I hate that people are so shallow!!!!!!!!  Just because you aren't a super model doesn't mean you can't possibly be talented.  I have to agree with you that is why music is terrible lately.

----------


## bob_f_aboc

> Yeah...so would I!:D:cheers::D


I can vouch for that!!!:cheers::p:cheers:

----------


## Robert Martellaro

Interviewed on Larry King...

*Larry*: Will you change the way you look: your hair, your style?
*Susan*: Why should I? Why should I change? It would take away my identity.
*Piers*: Quite right."

_"Being like everybody,_
_is the same as being nobody"_ 

http://www.youtube.com/watch?v=HaVo2xifmSw

From her 1999 CD.

http://www.youtube.com/watch?v=zaFtjZItK5M

----------


## drk

I wish I could get Britain's IT1 or whatever station it's on, over there.

It looks better than American Idol, and there's no kooky Paula Abdul.

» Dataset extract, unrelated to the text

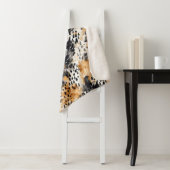 Wild Black Cream Leopard Animal Print Sherpa Deken (In situ)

Does anyone know when the next show is?  I'm thinking tonight...

----------


## GAgal

IMHO, I hope that this creates a turn in the tide in which no-talent but so called beautiful people (Brittney anyone?) can sell multi-platinum albums while those who are not so good looking but exceptionally talented are barely making it in the downtown bar. Personally, I am _listening_ to the person sing or play an instrument. I could give a flying flip what they look like.  Before MTV, ugly performers were okay. Today, it is exceptionally harder for the the unattractive to make it. And it's a shame, because if this was the case in the past decades the world would probably be without the music of Janis Joplin, Lemmy, the Ramones, etc....

----------